PowerPoint Presentation
IFN647- Assignement II
demonstration
Copyright By PowCoder代写 加微信 powcoder
Introduction
Discover a good information filtering model that recommends relevant documents to users on all 50 topics
Approach and the Models
Use python to implement three models: BM25, Model_1 and Model_2, and test them on the given data collection of 50 topics (50 datasets)
BM25 based on IRM
Model_1 based on PRM
Model_2 based on PRM, the pool bag model is used to represent the documents,
and logistic regression classification is used
Library: math, sklearn, pandas
Introduction
This unit discusses several ways to extend query-based methods, such as pseudo-relevant
feedback, query expansion or hybrid methods.

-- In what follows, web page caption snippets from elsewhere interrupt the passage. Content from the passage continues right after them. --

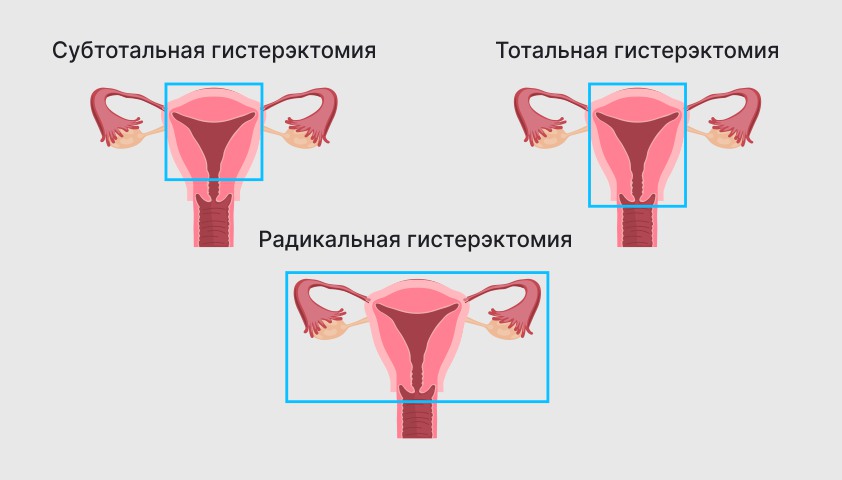 Гиперплазия эндометрия матки — что это, симптомы и лечение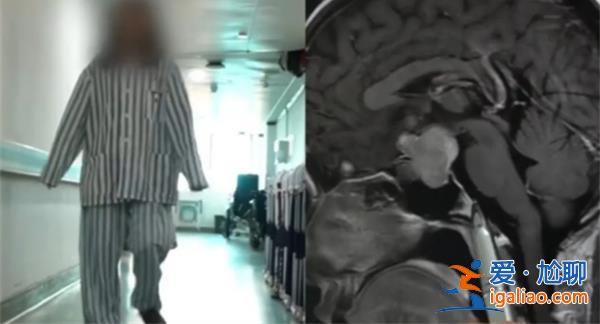 女生每月3次月經(jīng)腦部查出垂體瘤，垂體瘤有何癥狀[腦垂體]？
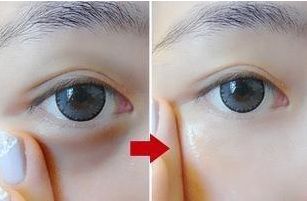 天津脂肪填充太陽穴醫(yī)院最新排行榜及價格概覽（更新至2025年）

We Discover a good information filtering model that recommends relevant documents to users on all 50 topics
Identification: An algorithm for evaluating the correlation between searching words and documents
Model explanation:
Step: Results:
Pseudo-relevant model is well-researched query extension technique.
Library: math
Advantages
simple processing
achieved good results
Disadvantages
the accuracy is difficult to ensure
Not all queries improve performance
Pseudo-revelance feedback is a well-researched query extension technique, It assumes that the highest-ranked documents in the initial retrieval result set are relevant, and then extracts extensions from those documents.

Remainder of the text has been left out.